The El Paso Inc. this week published a piece titled “What El Paso can learn from Music City” by Secret Wherrett. In it, Wherrett writes that the El Pasoans that attended the Greater El Paso Chamber’s trip to Nashville returned with a clear understanding of what El Paso can learn from Nashville’s economic initiatives. Interspersed between the normal “collaboration” and quality of life buzzwords was the real reason El Paso continues to stagnate in every possible way.
Why El Pasoans still think modeling themselves after other cities is the answer to El Paso’s economic prosperity continues to baffle me. Although it may seem like a simple case of having no creativity in understanding the essence of El Paso the more these trips for soul searching continue the more I believe it has everything to do with the El Paso elite being ashamed of being El Paso. Wherrett quotes El Paso Electric’s Marybeth Stevens as stating, “don’t look at what you want to be, look at what you have”.
It is the message that everyone wants to ignore and bury while focusing on what great things, other cities have. It also shows that many in El Paso believe that to make El Paso prosperous all it takes is to get El Paso to build something new and people will magically gravitate to the city with fistfuls of money. It is the “build it and they will come” mentality that El Paso has been pushing for decades now. This week it is Nashville, last week it was Albuquerque and next week it will be Santa Fe. The politicians always want to be what other cities are and not what El Paso is.
At first, I thought this was just stupidity within the political elite.
Now I am starting to think that it is nothing more than the shame of being El Paso.
Let’s look at what El Paso is.
El Paso is the second-largest metropolitan area on the US-Mexico border. Unlike the Tijuana-San Diego border, El Paso and Cd. Juárez are adjacent to each other making them one continuous metropolis on the US-Mexico border.
The El Paso-Cd. Juárez region has the largest bilingual and binational work force in the Western Hemisphere.
El Paso is the largest port of entry on the US-Mexico border.
Direct foreign investment into Cd. Juárez will be about $750 million this year. Foreign investment in El Paso is practically nonexistent.
Mexico exports about 70% of its products to the United States each year. It is the largest exporter in the world. According to the US Embassy, Mexico “exports more to the United States in goods and services in just over a month that it does in one year to the 27 countries of the European Union”.
In 2013, US-Mexico trade produced about $550 billion. About 60% of that trade traversed through the State of Texas. That trade accounted for about 6 million US jobs. In 2013, San Diego handled about $56.5 billion in US-Mexico trade. El Paso handled about the same trade; approximately $60 billion.

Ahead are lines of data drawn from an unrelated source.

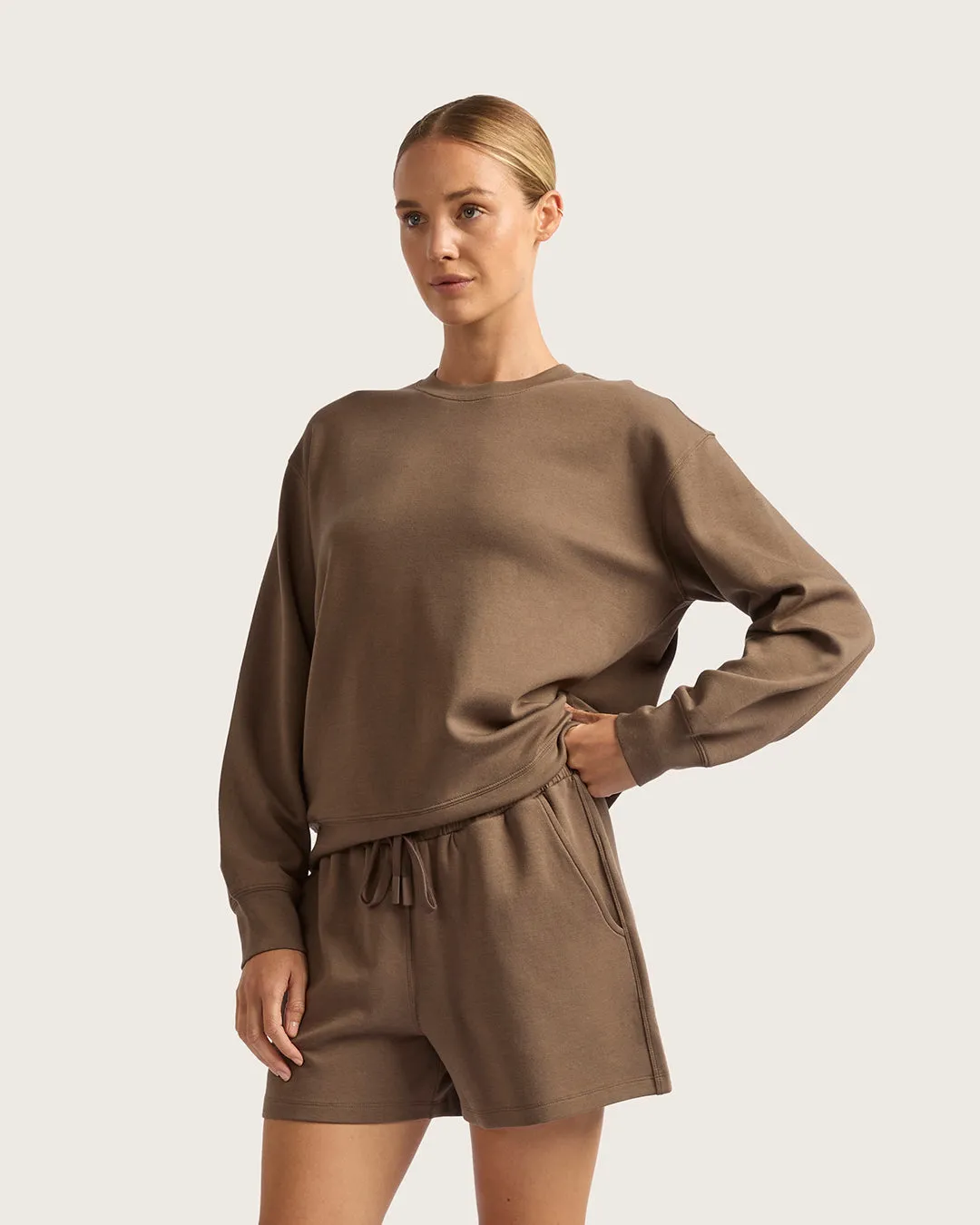 Women's Crew Neck Sweater - Oyster sold by Boody Eco Wear product image thumbnail 3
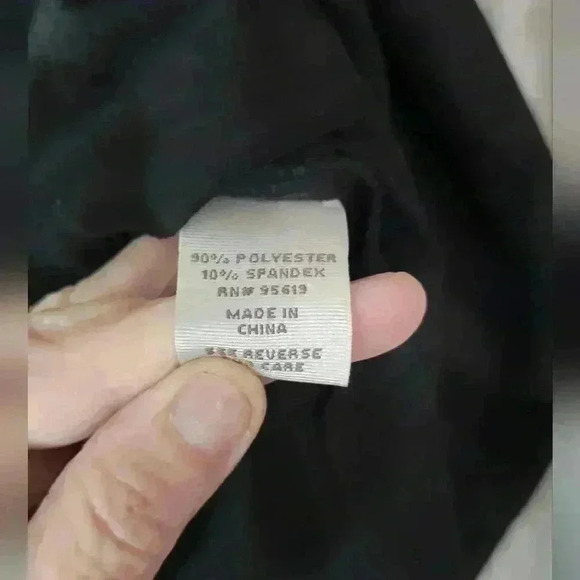 Fever faux suede black pencil skirt with back slit, size XL. Poly/Spandx blend. - Picture 3 of 5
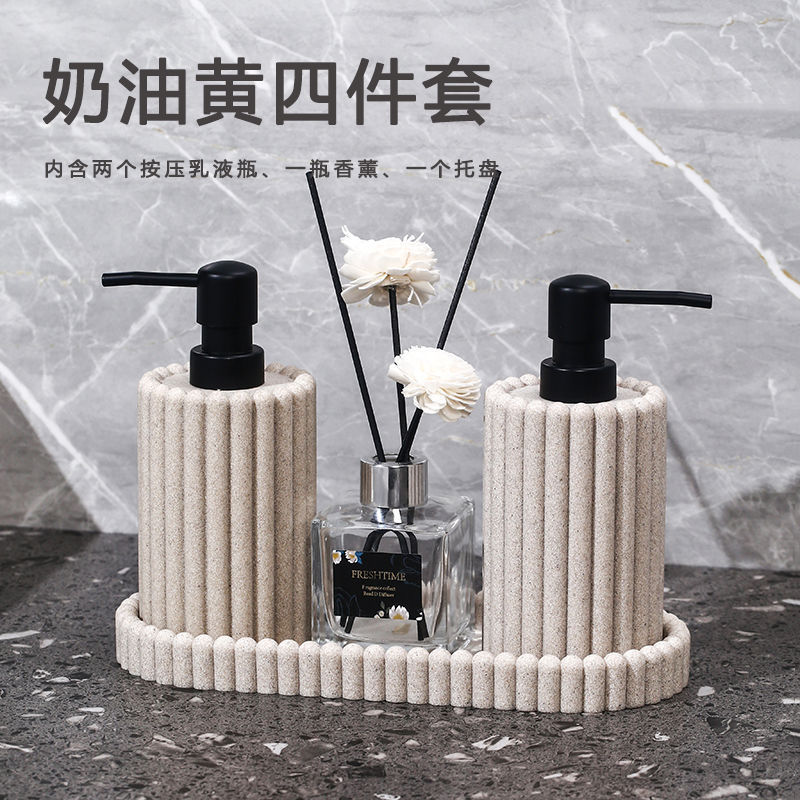 Retro ins viento desinfectante de manos botella de caja de botella de presión una variedad de higiene adecuada set de lavado hisopo de algodón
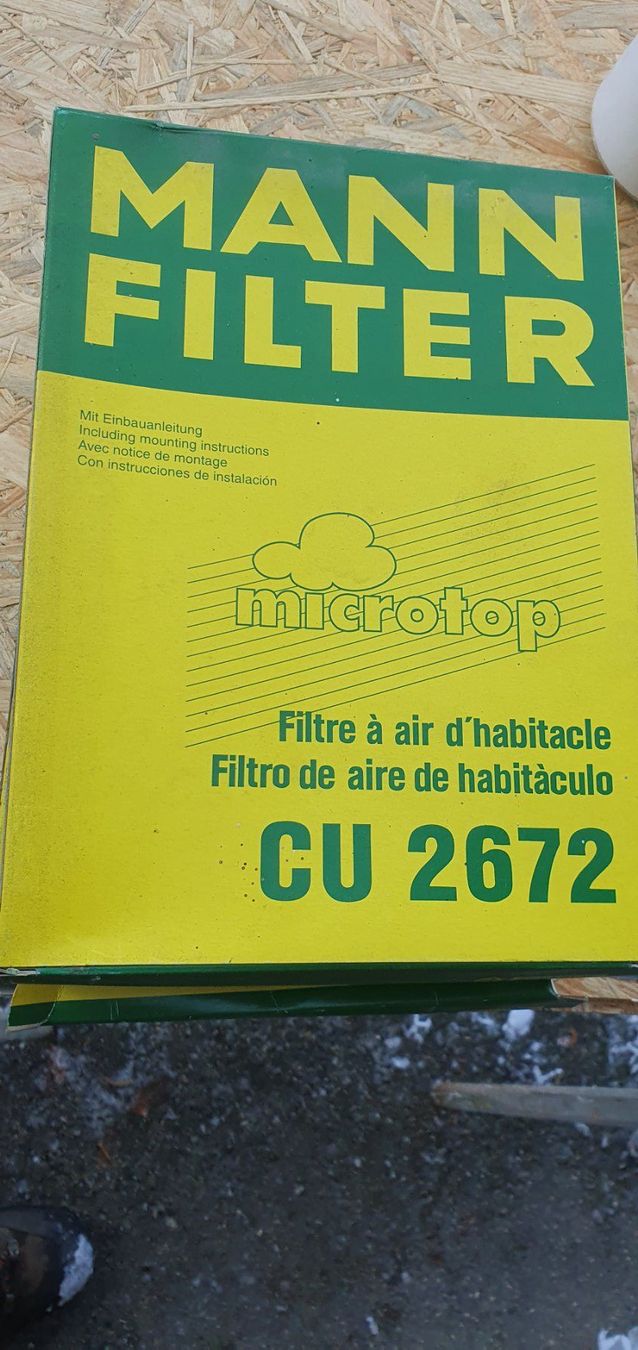 Tutti pezzi di ricambio auto: MANN Filter CU 2672 Innenraumfilter, Neu! – Nuovo e nell'imballaggio originale da Langnau i. E. venduto da Superseven69 2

Clearly, the economic future of El Paso lies not in emulating the tourism successes of San Antonio, Nashville or Santa Fe but rather in embracing the fact that it could be epicenter of the largest trade market in the world.
The fact is that El Paso can never be a tourist destination no matter how many pretty attractions it builds or how many glossy posters it produces. What El Paso is, and always has been is the economic gateway between Mexico and the US. Unfortunately and to the detriment of El Paso, the El Paso elite and their political cronies will do anything to pretend Cd. Juárez and Mexico have nothing to do with El Paso.
If and until that mindset changes El Paso will continue to be the highest taxed population in the US and remain one of the lowest economically challenged city as well. It could be so much more with a simple change in the mindset of those driving the public policy agenda of the city.